Ni siquiera al morir Carlitus volví a sentir a la Amèlia. Contemplábamos el ataúd abierto y la amada carita de cera donde empezaba ya a apuntar el bigote; pero nuestras miradas —que volvían a encontrarse al cabo de tanta historia— eran muy diferentes, se proyectaban aisladas mientras las manos sólo conseguían medio tocarse suavemente, sin nada que transmitirse. Los cirios se deshacían lentamente, y la habitación de las camitas gemelas, en el piso nuevo, no volvería a tener otro olor que no fuera el de la cera, otro brillo que no recordara el de la llama a punto de apagarse. Pero nosotros ya no mirábamos. Parecía el despertar de un sueño donde Carlitus hubiera sido una pesadilla, pequeña y maravillosa, de dolor y ternura. También el llanto de Amèlia era diferente del mío y sólo el estupor que inspira la muerte lograba unirnos.
Bruno pudo contar con el consuelo de Jordi, y ambos, acompañados por el modista, lloraban con una tristeza enorme, como sólo puede serlo la tristeza de los jóvenes ante la muerte de otro joven. Y sin embargo, tal vez no acababan de darse cuenta de lo que significaba la muerte de Carlitus. Yo sí lo sabía. Y desde entonces, la vida perdió aquel brillo maravilloso que, a pesar de las tragedias hogareñas, siempre había tenido.

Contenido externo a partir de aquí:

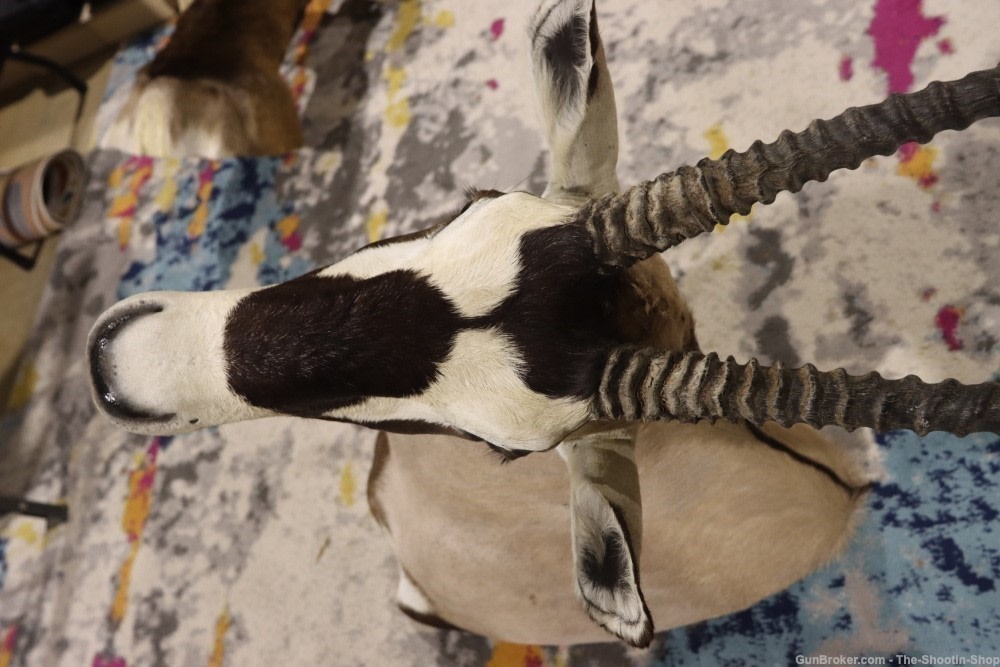 HUGE African Gemsbuck Oryx Shoulder Mount Taxidermy Large Horns EXC COND-img-8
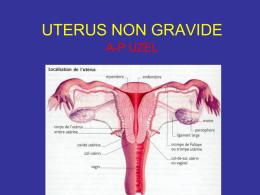 p&eacute;ritoine ut&eacute;rin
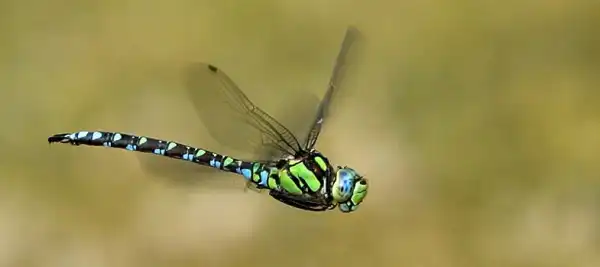 LIBELLE | Ein 3-D Puzzle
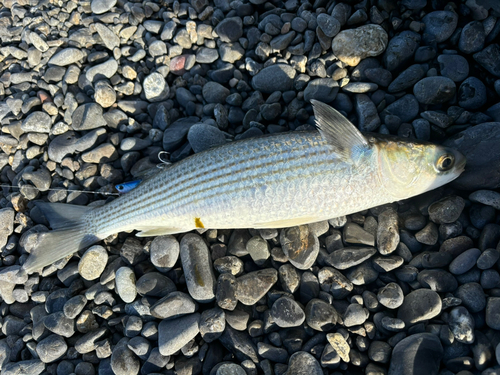 ボラの釣果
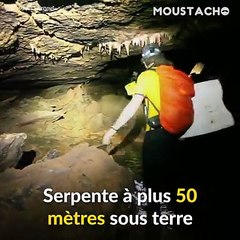 Win Timdouine, la grotte aux mille merveilles, considérée comme la plus belle d’Afrique !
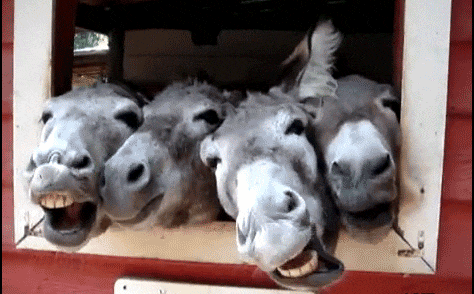 E663003E-6AA9-4E2C-9F47-2C1168157229.gif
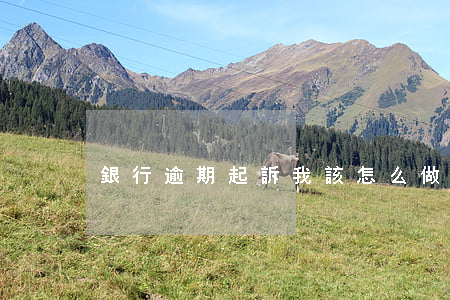 銀行逾期起訴我該怎么做(銀行逾期怎么申訴)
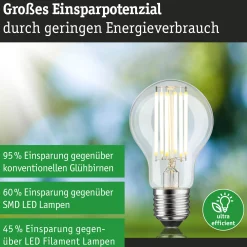 Efficient-Line Filament 230V - LED Birne Einzelleuchte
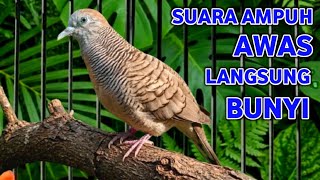 Download lagu Perkutut Lokal Gacor Suara Besar Pancingan Burung Perkutut Agar Cepat Bunyi (99% AMPUH) mp3 Download lagu Perkutut Lokal Gacor Suara Besar Pancingan Burung Perkutut Agar Cepat Bunyi (99% AMPUH) mp3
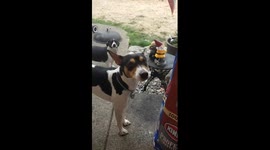 Portia wants the booty gnome lol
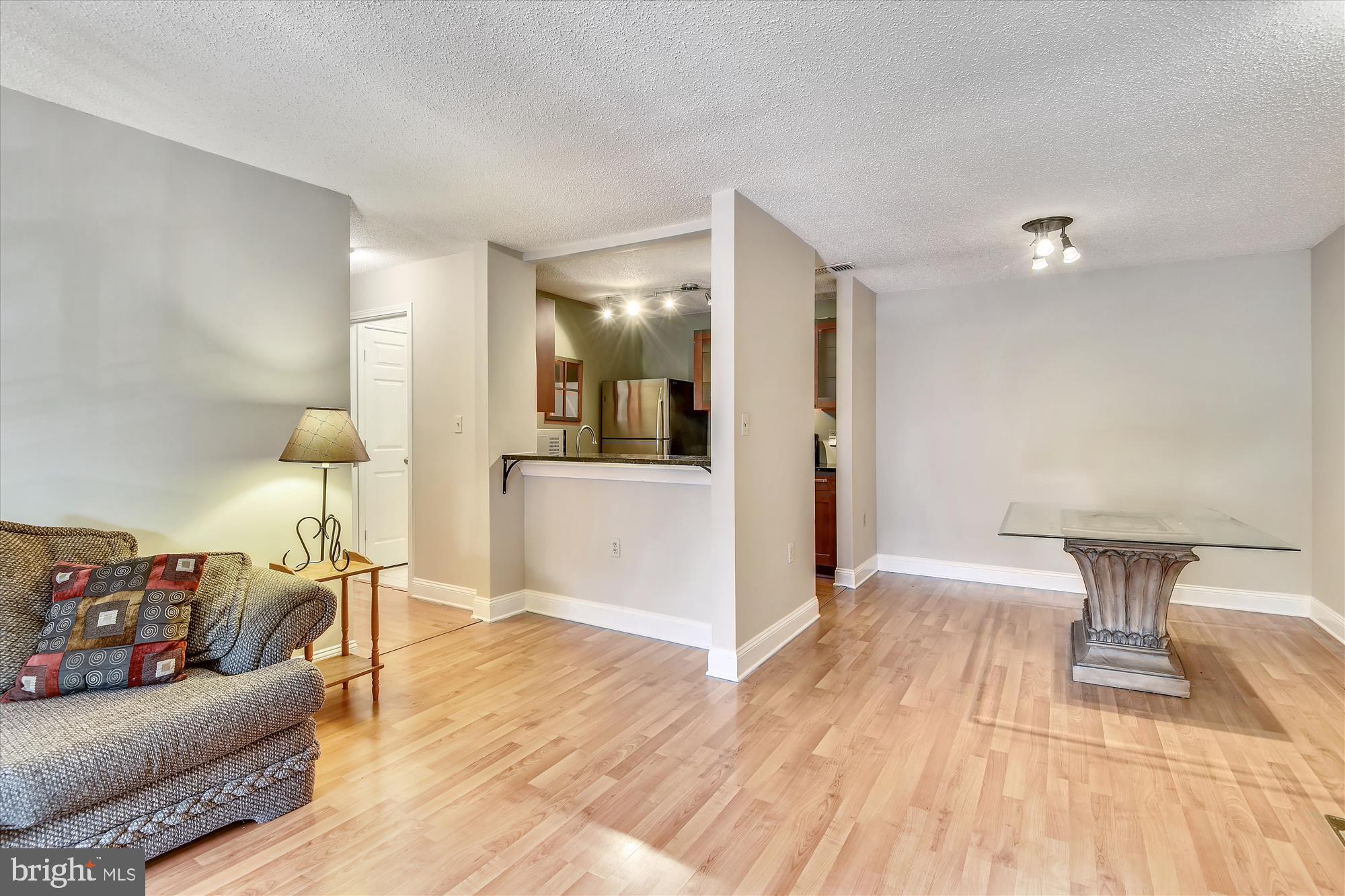 20979 Timber Ridge Terrace, Unit 204 Ashburn, VA 20147 - Photo 8 of 29 a living room with furniture and wooden floor
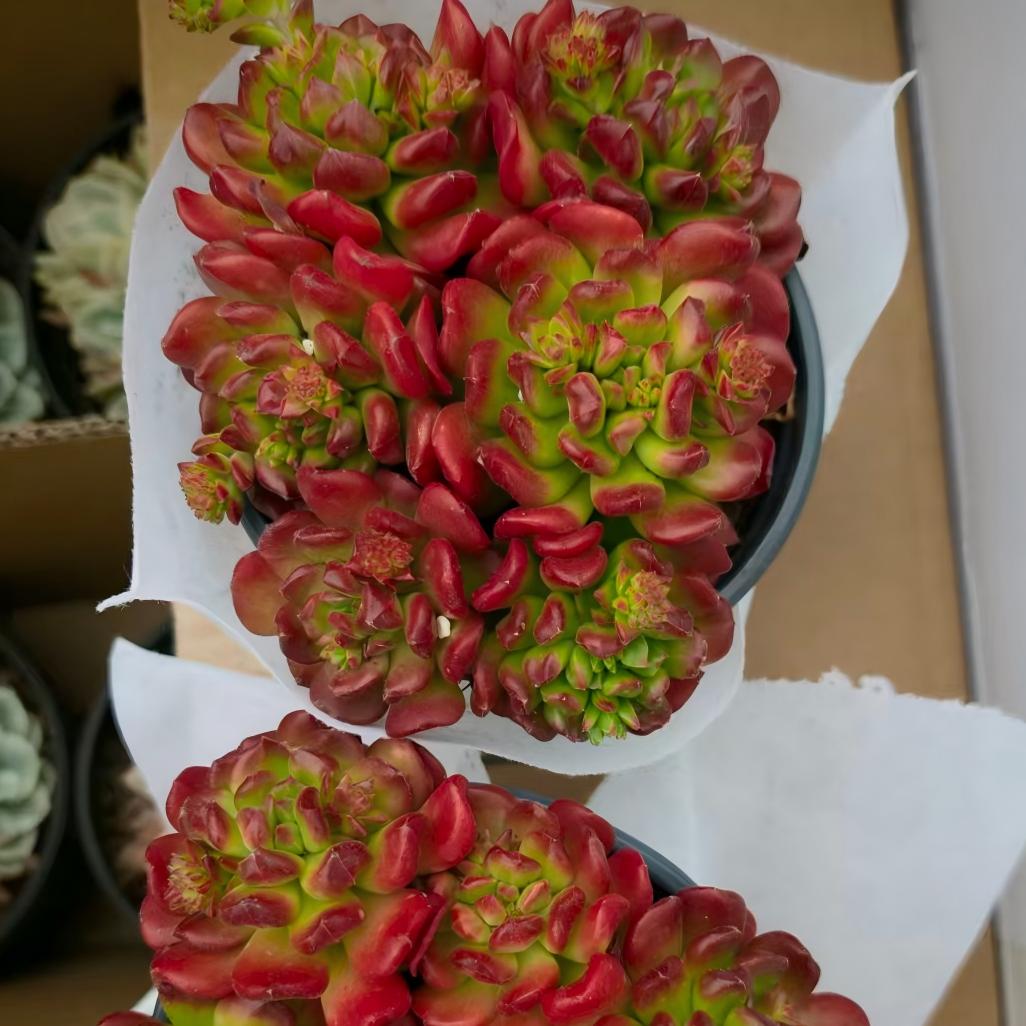 23392 スモールランタン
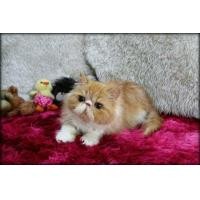 ราคา Exotic Longhair เพศเมีย (360941823)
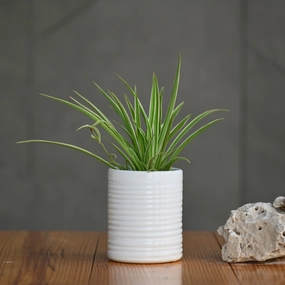 Ceramic Ribbed Cylender Pot, White shade perennial  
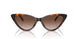 300613 - Tortoise - Brown Gradient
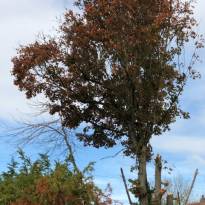 Elagage d'arbre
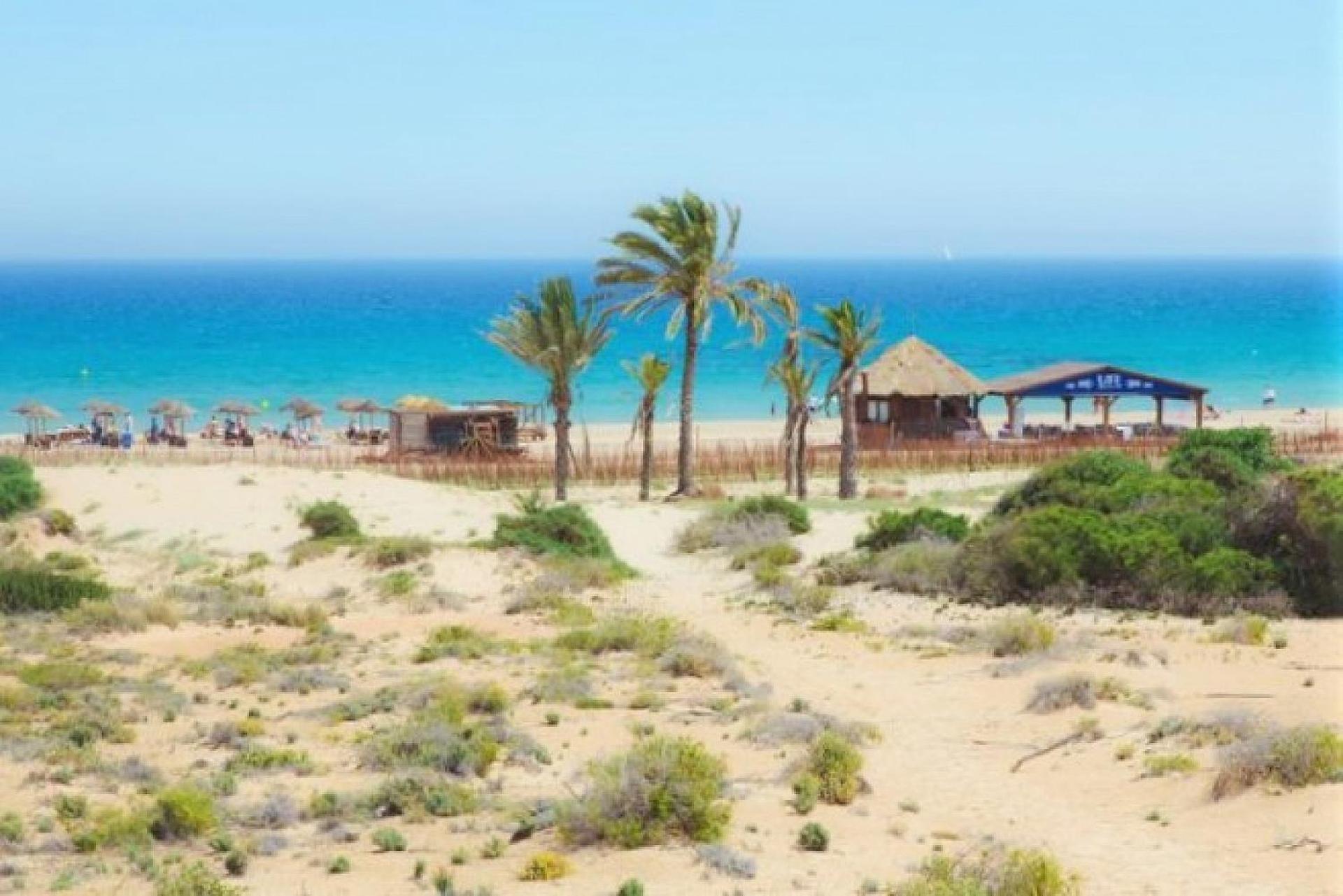 Mediterraneamente Soleado Santa Pola Exterior foto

Bruno buscó frases muy sonadas, de gran dama, y Jordi adoptaba posturas de película y la Amèlia, fuerte y dura, interpretó el papel de madre ejemplar que sabe resignarse y es felicitada por los médicos, los curas y las amistades a causa de su entereza. Pero yo, ¿qué?
No existe filosofía, arte oculto o religión, que pueda justificar la muerte, que le dé la menor razón de ser. La promesa de otra vida, más gloriosa si queréis, no sirve para aliviar esta parálisis que se apodera de uno de repente, que te extrae incluso los sentimientos inmediatos. Tienes que aprender que a partir del ataúd cerrado empieza de verdad el gran llanto de la vida, que todo lo demás ha sido un ensayo que te preparaba para perder, ahora, al hijo a quien querías más que a nada en el mundo. Después, la idea de Dios y su voluntad magnánima, la idea de que Dios se ha servido de esta muerte para castigar tus pecados, será una especie de bálsamo purificador que te la hará aceptar cristianamente; pero de momento hay que olvidar este terror que no acabas de comprender, la certeza de que puedes perder al hijo como antes perdiste al padre, como un día u otro has de perderte a ti mismo: sin saber exactamente en qué consiste la pérdida, sin comprender nada. No te sirven las lágrimas, no te sirven los gritos, no te sirve de puñetera mierda ese consuelo que quieren dar los demás. Aún no has tenido tiempo de buscar el consuelo divino, sólo sabes que hay que aceptarlo y basta. La soledad llega a ti sin remedio, y en cada amigo, que también llora por tu hijo, sólo encuentras una mirada de tiempo que pasa, de vidas que se escapan ineludiblemente hacia un fin seguro; y las sonrisas son débiles, pobre gente, implican su propia impotencia, su gran terror.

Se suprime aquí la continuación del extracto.